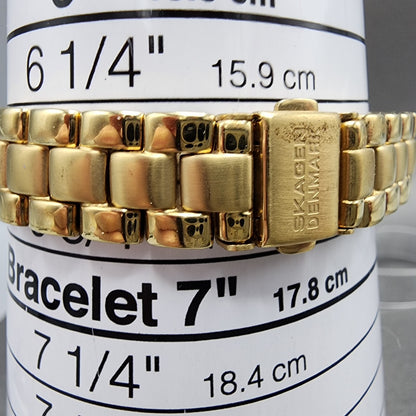 Skagen Tank Watch Women 19mm White Dial Gold Tone Rectangle 93SGXW New Battery10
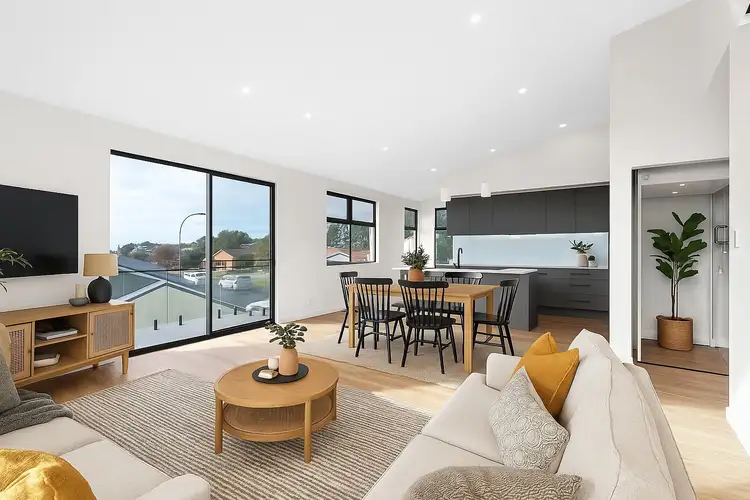 1/14 Heather Place, St Helens TAS 7216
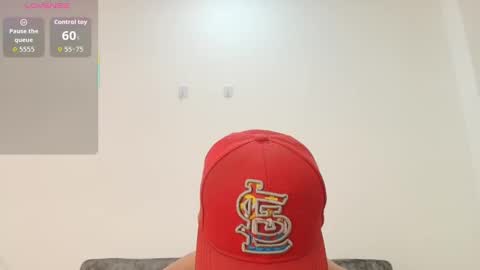 Snapshot of amadeo_wild chatting on October 4, 11:03 pm Amadeo Wild online show from October 4, 11:03 pm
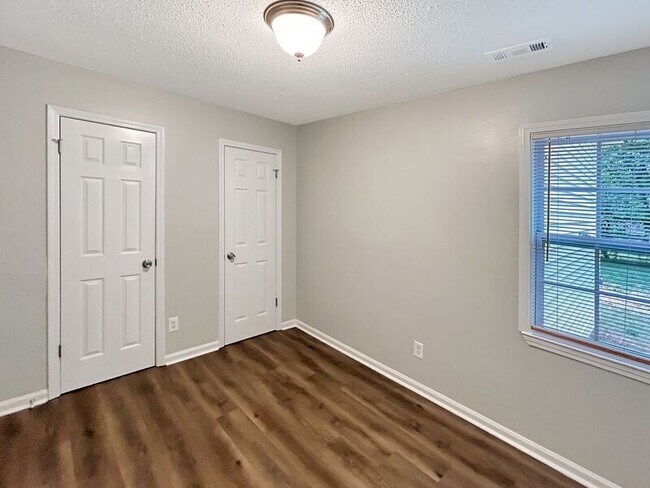 Building Photo - 106 Greenwood Cir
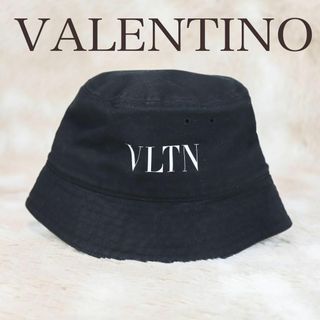 ヴァレンティノガラヴァーニ(valentino garavani)のヴァレンティノガラヴァーニ VLTNロゴ サイズ58 バケットハット ブラック(ハット)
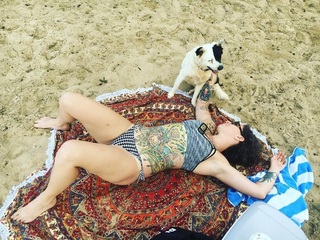 Danielle Colby feet photo thumbnail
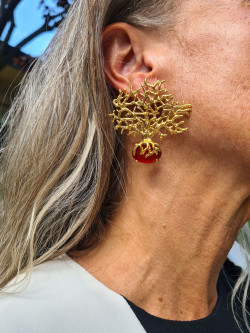 Gold branch earrings with natural stones – Unique elegance
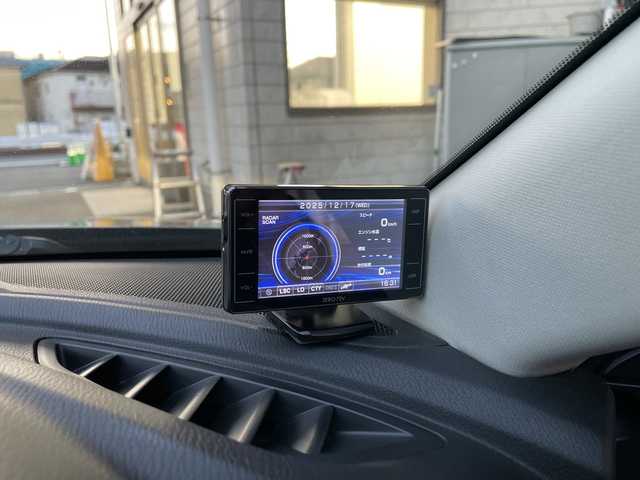 マツダ アテンザ ワゴン XD 神奈川県 2013(平25)年 10.8万km メテオグレーマイカ BOSEプレミアムサウンド/後席フリップダウンモニター/純正ナビ/（CD/DVD/FM/AM/USB/SD/BT/AUX/ワンセグTV)/バックカメラ/パドルシフト/クルーズコントロール/ETC/ルーフレール/アイドリングストップ/アダプティブ・フロントライティング・システム/ABS/横滑り防止装置/オートライト/フォグランプ/ドアバイザー/ISOFIX/純正マット/純正１９インチアルミホイール/スペアキー×１/取扱説明書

——

Take the lines from the start of the listing above through the line with "Gold branch earrings", both ends included, and copy them exactly, leaving the pictures behind.

◆ TASK OUTPUT
 Skagen Tank Watch Women 19mm White Dial Gold Tone Rectangle 93SGXW New Battery10
 1/14 Heather Place, St Helens TAS 7216
 Snapshot of amadeo_wild chatting on October 4, 11:03 pm Amadeo Wild online show from October 4, 11:03 pm
 Building Photo - 106 Greenwood Cir
 ヴァレンティノガラヴァーニ(valentino garavani)のヴァレンティノガラヴァーニ VLTNロゴ サイズ58 バケットハット ブラック(ハット)
 Danielle Colby feet photo thumbnail
 Gold branch earrings with natural stones – Unique elegance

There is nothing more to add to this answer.